• _ACTIVITY_:
The entries follow. Print each one exactly.

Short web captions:

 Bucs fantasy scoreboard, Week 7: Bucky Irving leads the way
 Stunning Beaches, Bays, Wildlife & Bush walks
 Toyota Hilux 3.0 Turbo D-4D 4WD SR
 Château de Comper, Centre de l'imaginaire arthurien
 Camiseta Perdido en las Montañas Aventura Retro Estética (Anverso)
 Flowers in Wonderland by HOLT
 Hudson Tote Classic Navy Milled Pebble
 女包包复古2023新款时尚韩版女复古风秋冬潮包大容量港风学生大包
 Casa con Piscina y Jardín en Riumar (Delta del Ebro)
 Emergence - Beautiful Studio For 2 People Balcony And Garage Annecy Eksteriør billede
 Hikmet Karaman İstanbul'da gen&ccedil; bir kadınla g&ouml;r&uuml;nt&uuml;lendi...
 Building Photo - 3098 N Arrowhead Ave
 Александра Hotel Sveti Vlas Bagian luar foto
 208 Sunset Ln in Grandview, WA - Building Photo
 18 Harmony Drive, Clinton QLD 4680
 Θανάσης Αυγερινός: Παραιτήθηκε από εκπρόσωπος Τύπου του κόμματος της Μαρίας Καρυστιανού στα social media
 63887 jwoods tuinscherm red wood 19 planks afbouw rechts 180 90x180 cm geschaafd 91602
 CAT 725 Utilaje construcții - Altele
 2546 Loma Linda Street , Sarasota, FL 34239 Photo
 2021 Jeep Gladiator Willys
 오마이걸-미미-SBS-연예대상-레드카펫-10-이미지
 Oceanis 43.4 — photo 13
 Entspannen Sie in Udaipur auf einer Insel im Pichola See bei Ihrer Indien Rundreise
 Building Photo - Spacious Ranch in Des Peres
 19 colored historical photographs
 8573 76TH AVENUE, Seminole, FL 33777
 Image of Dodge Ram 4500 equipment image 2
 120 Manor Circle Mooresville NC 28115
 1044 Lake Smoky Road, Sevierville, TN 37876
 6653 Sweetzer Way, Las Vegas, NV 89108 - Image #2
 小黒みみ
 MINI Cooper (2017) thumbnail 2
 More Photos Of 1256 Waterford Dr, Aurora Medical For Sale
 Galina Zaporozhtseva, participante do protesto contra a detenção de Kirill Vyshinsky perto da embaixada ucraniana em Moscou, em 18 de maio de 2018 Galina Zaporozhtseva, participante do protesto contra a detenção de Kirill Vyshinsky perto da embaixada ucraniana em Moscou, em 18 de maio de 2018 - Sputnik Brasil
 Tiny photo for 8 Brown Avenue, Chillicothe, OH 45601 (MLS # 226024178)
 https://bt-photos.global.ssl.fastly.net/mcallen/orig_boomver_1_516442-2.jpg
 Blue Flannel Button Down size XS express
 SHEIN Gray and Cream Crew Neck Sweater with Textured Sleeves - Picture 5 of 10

• _REPLY_:
 Bucs fantasy scoreboard, Week 7: Bucky Irving leads the way
 Stunning Beaches, Bays, Wildlife & Bush walks
 Toyota Hilux 3.0 Turbo D-4D 4WD SR
 Château de Comper, Centre de l'imaginaire arthurien
 Camiseta Perdido en las Montañas Aventura Retro Estética (Anverso)
 Flowers in Wonderland by HOLT
 Hudson Tote Classic Navy Milled Pebble
 女包包复古2023新款时尚韩版女复古风秋冬潮包大容量港风学生大包
 Casa con Piscina y Jardín en Riumar (Delta del Ebro)
 Emergence - Beautiful Studio For 2 People Balcony And Garage Annecy Eksteriør billede
 Hikmet Karaman İstanbul'da gen&ccedil; bir kadınla g&ouml;r&uuml;nt&uuml;lendi...
 Building Photo - 3098 N Arrowhead Ave
 Александра Hotel Sveti Vlas Bagian luar foto
 208 Sunset Ln in Grandview, WA - Building Photo
 18 Harmony Drive, Clinton QLD 4680
 Θανάσης Αυγερινός: Παραιτήθηκε από εκπρόσωπος Τύπου του κόμματος της Μαρίας Καρυστιανού στα social media
 63887 jwoods tuinscherm red wood 19 planks afbouw rechts 180 90x180 cm geschaafd 91602
 CAT 725 Utilaje construcții - Altele
 2546 Loma Linda Street , Sarasota, FL 34239 Photo
 2021 Jeep Gladiator Willys
 오마이걸-미미-SBS-연예대상-레드카펫-10-이미지
 Oceanis 43.4 — photo 13
 Entspannen Sie in Udaipur auf einer Insel im Pichola See bei Ihrer Indien Rundreise
 Building Photo - Spacious Ranch in Des Peres
 19 colored historical photographs
 8573 76TH AVENUE, Seminole, FL 33777
 Image of Dodge Ram 4500 equipment image 2
 120 Manor Circle Mooresville NC 28115
 1044 Lake Smoky Road, Sevierville, TN 37876
 6653 Sweetzer Way, Las Vegas, NV 89108 - Image #2
 小黒みみ
 MINI Cooper (2017) thumbnail 2
 More Photos Of 1256 Waterford Dr, Aurora Medical For Sale
 Galina Zaporozhtseva, participante do protesto contra a detenção de Kirill Vyshinsky perto da embaixada ucraniana em Moscou, em 18 de maio de 2018 Galina Zaporozhtseva, participante do protesto contra a detenção de Kirill Vyshinsky perto da embaixada ucraniana em Moscou, em 18 de maio de 2018 - Sputnik Brasil
 Tiny photo for 8 Brown Avenue, Chillicothe, OH 45601 (MLS # 226024178)
 https://bt-photos.global.ssl.fastly.net/mcallen/orig_boomver_1_516442-2.jpg
 Blue Flannel Button Down size XS express
 SHEIN Gray and Cream Crew Neck Sweater with Textured Sleeves - Picture 5 of 10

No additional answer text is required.